Menurutnya, evaluasi tidak hanya berhenti pada aspek hukum dan etika pementasan, tapi juga pada perkembangan teknis dan kreatif seni Reyog itu sendiri.

"Perlu evaluasi atas perkembangan kreasi permainan Reyog yang dilakukan para penggiat. Termasuk teknis tampilan, rangkaian pementasan, hingga posisi tarian jathil dalam kesenian obyokan atau jalanan," jelas Murdianto.

Ia menambahkan, posisi penari jathil perempuan dalam pertunjukan obyokan memang sangat rentan, apalagi jika harus berinteraksi langsung dengan penonton yang tidak bisa dikontrol, terutama jika ada yang dalam pengaruh alkohol.

"Posisi jathil perempuan dalam pementasan obyok memang berisiko tinggi. Apalagi jika melibatkan interaksi langsung dengan penonton yang tidak sepenuhnya sadar atau dalam pengaruh miras," katanya.

Murdianto menekankan, perlindungan terhadap seniman perempuan harus menjadi perhatian utama ke depan.

"Proteksi atas seniman perempuan harus jadi bahan diskusi antara tim kreatif dan para pelaku seni reyog. Ini penting, agar kejadian seperti ini tidak terulang," imbuhnya.
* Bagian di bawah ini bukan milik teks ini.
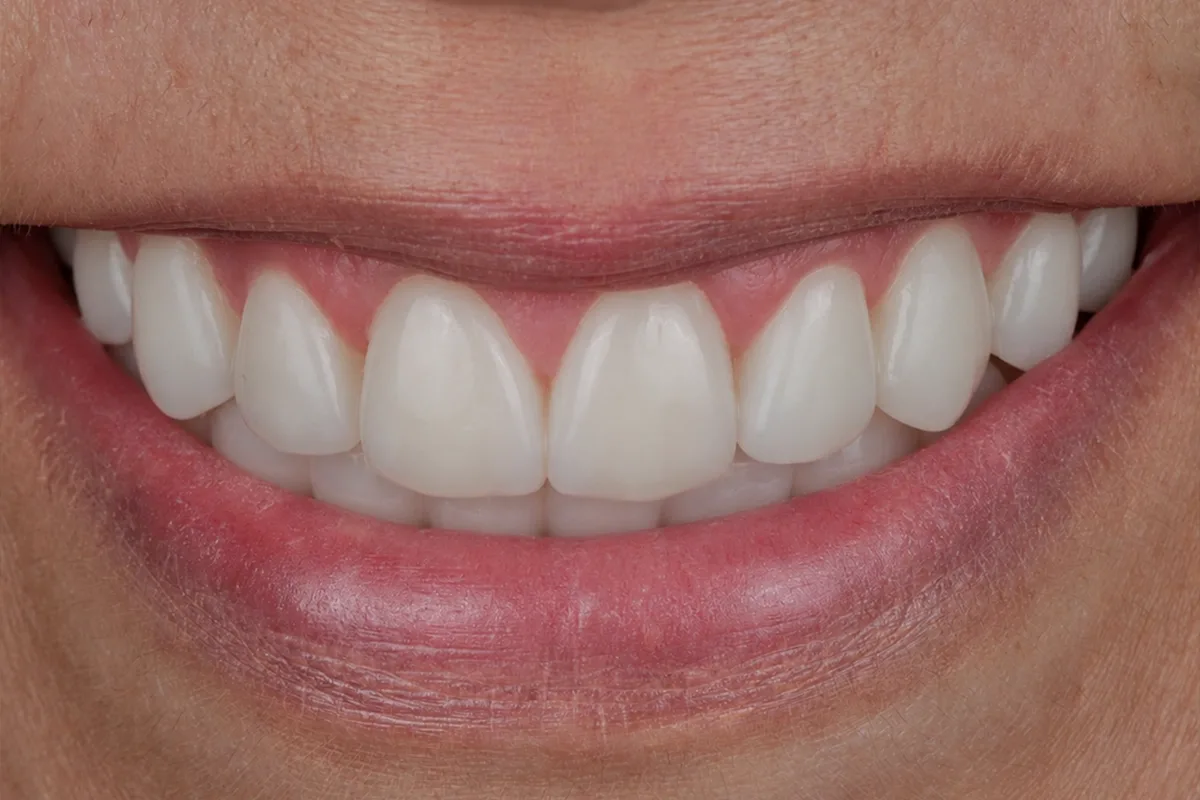 filling treatment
Lebih lanjut, ia mengajak semua pihak termasuk para penggiat seni dan akademisi untuk duduk bersama mendiskusikan perkembangan kesenian Reyog secara menyeluruh, tanpa membatasi kreativitas.

"Perkembangan kreativitas dalam kesenian Reyog, termasuk di dalamnya jathil, harus menjadi bahan diskusi intens. Libatkan penggiat seni dan para ahli dari berbagai bidang. Tapi tentu saja tanpa membatasi ekspresi seni secara berlebihan," pungkas Murdianto.

Sebelumnya, publik dihebohkan dengan video viral berdurasi lebih dari satu menit yang memperlihatkan seorang penari jathil dilecehkan saat tampil dalam pertunjukan Reog Obyok. Dalam video yang diunggah akun Instagram @ponorogo.update dan telah ditonton lebih dari 1,7 juta kali itu, terlihat seorang pria berbaju hitam menampar bagian belakang tubuh penari perempuan.

"Viral ... pemain jathil Reog Obyok Ponorogo ditampar bagian bawah tubuhnya hingga kaget. Kondisi yang menampar dalam keadaan mabuk, sontak ada sedikit keributan dan dilerai pemain seniman Reog lainnya," tulis admin akun tersebut dalam caption unggahannya.

Kejadian itu memicu kecaman luas dari masyarakat dan mendorong berbagai pihak untuk menuntut perlindungan lebih bagi para seniman, terutama perempuan yang tampil dalam ruang publik.